Pendant que les candidats démocrates Hillary Clinton et Barack Obama décrient sans relâche les affres du libre-échange dans un climat électoraliste, on peut s'interroger sur l'évolution de l'attitude des Québécois envers le libre-échange en l'espace d'une dizaine d'années.
De 1997 à 2007
Pour mesurer ce changement, nous avons décidé de mener une nouvelle enquête à la fin de 2007 et de comparer les résultats avec ceux de notre enquête de 1997 (Groupe de recherche sur l'américanité). L'opération devait permettre de répondre à la question suivante: dix ans plus tard, que pensent les Québécois de l'ALENA?
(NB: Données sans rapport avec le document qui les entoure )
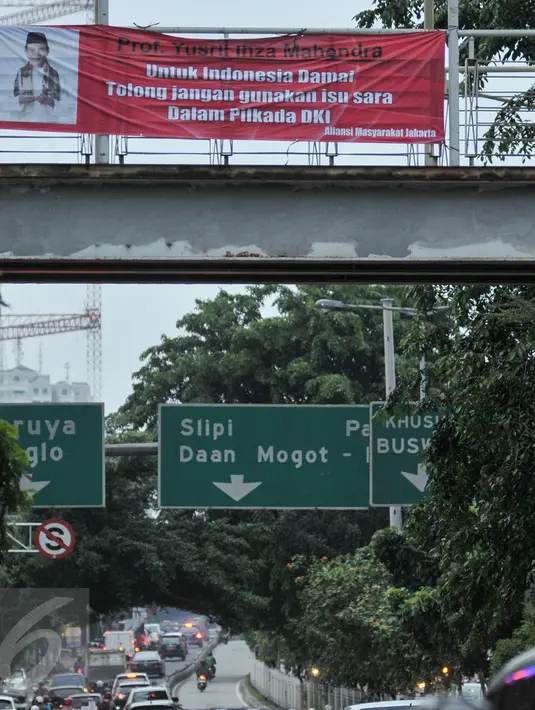 Kendaraan melintas di bawah spanduk Yusril Ihza Mahendra yang menolak penggunaan isu SARA dalam Pilkada DKI di Jalan Panjang, Jakarta, Rabu (2/11). Jelang Pilkada DKI 2017, spanduk imbauan tepis isu SARA mulai bertebaran. (Liputan6.com/Yoppy Renato)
En 1997, l'euphorie entourant l'accord de libre-échange nord-américain battait son plein -- on parlait même d'une ZLEA des Amériques -- alors qu'en 2007, la poussière de Ground Zero continuait de peser lourdement sur notre environnement économique et politique immédiat.
Les attentats du 11-Septembre ont profondément redéfini l'appartenance des Québécois au continent nord-américain. Si, en 2001, «nous étions tous des Américains», la politique étrangère de l'administration américaine a profondément modifié les perceptions et opinions à l'endroit des États-Unis, non seulement au Québec mais partout dans le monde. Dans le contexte québécois, les décisions ou indécisions de l'administration Bush en ce qui concerne certaines politiques continentales (bois d'oeuvre, vache folle, commerce bilatéral, sécurité aux frontières, immigration) ont obligé les dirigeants politiques et les citoyens à réévaluer leurs attitudes envers les États-Unis.
Points de vue
L'évaluation de l'impact de l'ALENA, tout particulièrement sur les relations québéco-américaines, n'est pas toujours facile à faire selon qu'on se place d'un point de vue économique, culturel ou idéologique. Sur le plan économique, il ne fait aucun doute qu'il y a plusieurs points positifs. Comme l'écrivait le journaliste Éric Desrosiers dans Le Devoir en juin 2007: «Le traité a pourtant été, de manière générale, un succès. Le volume de commerce et les investissements entre les trois pays ont augmenté. La production de plusieurs grandes entreprises et de secteurs de l'économie a été intégrée sur une base continentale. Une transition démocratique a été favorisée au Mexique. Les relations commerciales entre les trois pays ont été harmonisées.»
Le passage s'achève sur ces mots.